The video game's branching narrative is adapted and streamlined into a single canon plotline as Fables: The Wolf Among Us, with its first issue released on December 10, 2014 and published by Vertigo Comics. It was written by Matthew Sturges and Dave Justus, and serves as a canon prequel story to the comic book series. The series concluded on November 3, 2015 and collected as Fables: The Wolf Among Us Vol. 1.

Bigby is the main character of the upcoming sequel The Wolf Among Us 2, which will continue events after the first game, though it still serves as a prequel to the comic series. Harrington is set to reprise his role as the character. The game is developed by LCG Entertainment, doing business as Telltale Games, in association with AdHoc Studio which is composed of former Telltale Games staff.

==Reception==
Bigby Wolf has been positively received by critics. Some sources consider Bigby to be a protagonist of the Fables series (known for its large ensemble cast of characters) as a leading man due to the central role he plays throughout much of the narrative. Kannenberg found that Bigby's initial depiction as a trenchcoat-wearing cynical detective with a chainsmoking habit in his early appearances adds a convincing touch of noir to the story. IGN picked Bigby as one of their favorite Fables characters, describing him as "Wolverine and Cyclops of the Fables team rolled into one", and "probably the most unlikely family man in all of Fabledom" which adds to his appeal as a main character.

Justin Clark from GameSpot described Bigby as a "brusque, cold, and brooding" Wolverine who wears Sam Spade's trench coat, noting his physical resemblance to the Lost series character James "Sawyer" Ford and that his "past misdeeds weigh on him constantly". While ultimately a malleable character by nature, he felt that the video game iteration of Bigby is a "different, lighter, more human character" even in light of any cruel decisions the player could make as Bigby. David Hinkle from Engadget praised the game's "intoxicating" mingling of mature themes like penance and redemption with fairy tale magic and superstitions as part of Bigby's character arc. He noted that Bigby is neither truly benevolent or malevolent and that he exists somewhere in the middle in terms of morality, showing empathy one moment yet purposefully provocative in another moment. Josiah Harrist from Kill Screen found that Bigby "steals the spotlight as the seemingly irredeemable anti-hero craving redemption" and that it is ironic that "Fabletown's biggest, baddest monster happens to be the one keeping the peace". Ozzie Mejia from Shacknews called Bigby "an interesting, multi-dimensional character" who can be moulded into "a heartless pursuer of vengeance" or an individual with "a heart of gold underneath his gruff exterior" depending on player choice.
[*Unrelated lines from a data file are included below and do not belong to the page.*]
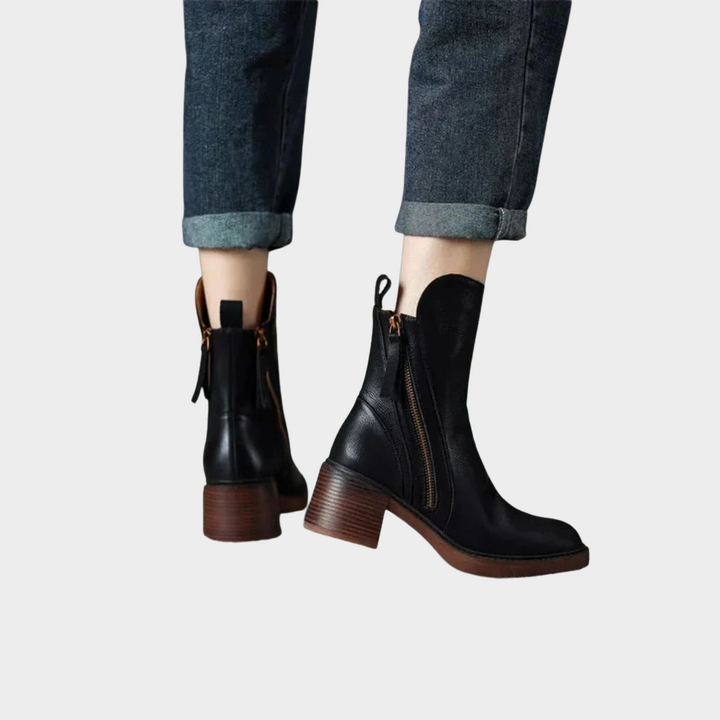Gabriella | Comfortable Leather Ankle Heels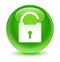 Unlock icon glassy green round button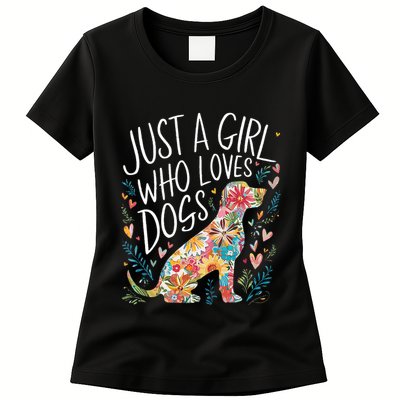 Dog Cute Just A Girl Who Loves Dogs Womens T-Shirt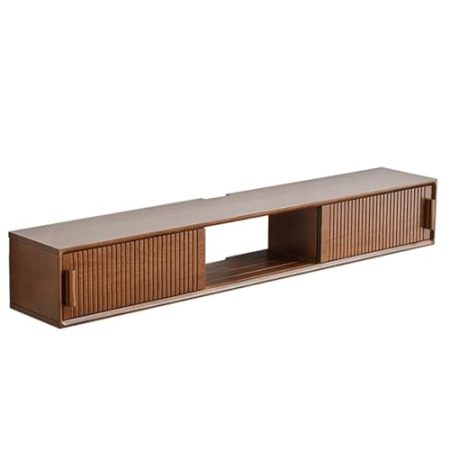 59-Zoll-schwebender TV-Ständer, wandmontierter TV-Schrank aus Massivholz mit 3 Ablagefächern, TV-Konsole mit Schiebetüren, Entertainment-Center-Medienkonsole, Wohnzimmermöbel (Walnussfarbe, Einheitsg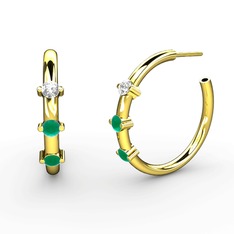 Lita Halka Küpe - Kök zümrüt ve swarovski 14 ayar altın küpe #ufbmf8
Bigby Wolf from The Wolf Among Us was named Most Memorable Character for New Game Network's Game of the Year Awards 2014. For his work as Bigby Wolf, in 2014 Harrington received nominations from the BAFTA Games Awards for "Story and Performer" and from the National Academy of Video Game Trade Reviewers (NAVGTR) awards for "Performance in a Drama, Lead".
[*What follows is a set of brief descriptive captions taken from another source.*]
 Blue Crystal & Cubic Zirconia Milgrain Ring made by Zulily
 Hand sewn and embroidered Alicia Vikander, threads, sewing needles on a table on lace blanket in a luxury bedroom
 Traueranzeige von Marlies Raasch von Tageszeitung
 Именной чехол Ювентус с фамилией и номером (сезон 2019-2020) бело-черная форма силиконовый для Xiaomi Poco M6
Following the initial announcement of a sequel to the Wolf Among Us in July 2017, Alex Walker from Kotaku expressed a preference for a story that revolves more around Bigby's desires, as opposed to Snow White or the political machinations of Fabletown which dominated the first game's narrative.

===Analysis===
In his essay "Negotiating Wartime Masculinity in Bill Willingham's Fables", Mark C. Hill described Bigby's characterization as "part hard-nosed detective, part soldier, part anti-hero", and that his role as the protector of Fabletown involved an eclectic cross between "small town sheriff and clandestine spy-master". He noted that Bigby's stereotypical Hollywood police detective persona is only one aspect of the disparate narratives and centuries of cultural ideologies that makes up the character's personal history. Hill linked Bigby to Joseph Campbell's hero myth pattern studies as an outsider marked with supernatural powers from birth, to the Beowulf legend with his ability to assume the alternate form of a werewolf-like creature, and to the politics of conflict and war that surround the creation of the Fables series with the character's service history and involvement in a counter-insurgency storyline. Hill argued that the character serves as a "liminal margin", a concept originally developed by Homi K. Bhabha, "where pedogogical, nationalistic and resistant narrative discourses construct, maneuver and negotiate identity".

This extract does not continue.